The Motor Class features are a separate topic and can add advanced features, like idle torque control and analog vref control.

MitchBradley commented 4 years ago

When you completely disable a motor, the position depends on the machine. On some machines, it might move very little if at all. On others, for example a ballscrew Z axis, the spindle might fall right down onto the workpiece or table. When a motor is disabled, it is also usually easy for the user to manually reposition, with no way for the software to know.

Given all that, it is prudent to assume that, when a motor has been disabled, the position is no longer reliable.

ithinkido commented 4 years ago

What are the use cases for this?

bdring commented 4 years ago

People want to manually move an axis. I have done it myself many times on belt driven machines.

I have also used machines with encoders in manual mode with the axes positions updating.

MitchBradley commented 4 years ago

Here is a concrete proposal for how the user interface for motor disable could work. Note that this does not address the details of position management and machine state, it only addresses that command that you use to tell Grbl to initiate the disabling.

New $ command:

$motor/disable=motor or axis list

motor or axis list is a case-insensitive sequence of letters, digits, or the comma (,) character, interpreted as follows: If a letter that names an axis is present, every motor involved with that axis is disabled. If a digit 0-9 is present, that numbered motor is disabled. If a comma is present, subsequent fields are comma-delimited, making it possible to use two-digit motor numbers.

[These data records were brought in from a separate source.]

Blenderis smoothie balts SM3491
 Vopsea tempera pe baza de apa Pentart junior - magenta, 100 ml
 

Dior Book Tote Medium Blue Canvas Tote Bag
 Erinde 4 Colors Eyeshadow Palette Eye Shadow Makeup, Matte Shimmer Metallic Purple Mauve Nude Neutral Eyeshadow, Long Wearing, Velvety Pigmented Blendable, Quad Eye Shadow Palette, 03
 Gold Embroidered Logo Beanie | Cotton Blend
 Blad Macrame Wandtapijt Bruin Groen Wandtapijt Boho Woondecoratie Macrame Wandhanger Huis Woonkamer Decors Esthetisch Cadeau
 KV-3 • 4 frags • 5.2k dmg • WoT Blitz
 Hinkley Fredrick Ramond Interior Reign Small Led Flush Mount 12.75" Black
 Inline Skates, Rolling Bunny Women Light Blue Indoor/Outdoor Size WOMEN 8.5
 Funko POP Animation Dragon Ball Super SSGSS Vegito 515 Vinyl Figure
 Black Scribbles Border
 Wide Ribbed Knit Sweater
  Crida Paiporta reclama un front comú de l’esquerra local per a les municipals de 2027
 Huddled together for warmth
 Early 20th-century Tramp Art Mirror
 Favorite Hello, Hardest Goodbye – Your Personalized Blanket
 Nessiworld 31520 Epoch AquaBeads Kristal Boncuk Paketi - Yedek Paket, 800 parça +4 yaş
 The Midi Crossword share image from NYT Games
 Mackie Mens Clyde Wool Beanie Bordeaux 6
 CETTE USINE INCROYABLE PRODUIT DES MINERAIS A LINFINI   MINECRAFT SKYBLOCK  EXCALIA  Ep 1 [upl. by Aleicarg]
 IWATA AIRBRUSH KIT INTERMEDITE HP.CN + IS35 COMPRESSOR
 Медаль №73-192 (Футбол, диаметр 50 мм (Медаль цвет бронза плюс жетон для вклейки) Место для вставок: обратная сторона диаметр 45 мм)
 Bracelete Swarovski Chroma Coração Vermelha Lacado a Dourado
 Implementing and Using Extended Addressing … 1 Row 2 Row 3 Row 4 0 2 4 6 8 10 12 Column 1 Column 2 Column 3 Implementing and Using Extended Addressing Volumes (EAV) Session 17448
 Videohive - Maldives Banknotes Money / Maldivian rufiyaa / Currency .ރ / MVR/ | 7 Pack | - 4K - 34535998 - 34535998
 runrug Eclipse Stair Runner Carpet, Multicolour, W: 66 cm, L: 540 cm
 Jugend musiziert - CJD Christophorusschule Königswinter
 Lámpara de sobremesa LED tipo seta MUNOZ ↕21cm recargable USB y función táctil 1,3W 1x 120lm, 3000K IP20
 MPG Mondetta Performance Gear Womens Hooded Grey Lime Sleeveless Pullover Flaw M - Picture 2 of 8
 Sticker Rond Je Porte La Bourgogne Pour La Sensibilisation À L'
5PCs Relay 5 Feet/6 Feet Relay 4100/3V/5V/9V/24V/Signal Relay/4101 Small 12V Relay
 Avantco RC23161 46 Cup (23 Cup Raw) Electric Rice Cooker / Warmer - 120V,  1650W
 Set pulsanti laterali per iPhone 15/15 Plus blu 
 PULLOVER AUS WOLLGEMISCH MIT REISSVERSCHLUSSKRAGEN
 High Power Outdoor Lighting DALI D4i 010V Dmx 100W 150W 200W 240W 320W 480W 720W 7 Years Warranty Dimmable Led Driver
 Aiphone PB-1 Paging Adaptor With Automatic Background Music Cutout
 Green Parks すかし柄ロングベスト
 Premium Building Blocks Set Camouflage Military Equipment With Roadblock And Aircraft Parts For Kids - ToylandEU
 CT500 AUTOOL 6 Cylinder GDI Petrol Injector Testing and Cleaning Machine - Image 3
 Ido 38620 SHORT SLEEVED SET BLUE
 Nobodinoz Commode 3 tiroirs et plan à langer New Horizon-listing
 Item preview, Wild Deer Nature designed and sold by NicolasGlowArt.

Motor numbers are defined for individual boards; there is no implied correspondence between motor numbers and axes. In most cases, users will disable by axis. Disabling by motor number is provided for unusual cases.

Here are some examples:

$motor/disable=XZ - Disables all the motors for the X and Z axes $motor/disable=X4 - Disables all the motors for the X axis, and also motor number 4 $motor/disable=01,10 - Disables motors 0, 1, and 10 $motor/disable=0,1,10 - Disables motors 0,1, and 10 $motor/disable=x,y - Disables all the motors for the X and Y axes

MitchBradley commented 4 years ago

Another use case for motor disable is manual squaring of dual-motor axes. The various use cases are machine-specific, so it is difficult to generalize.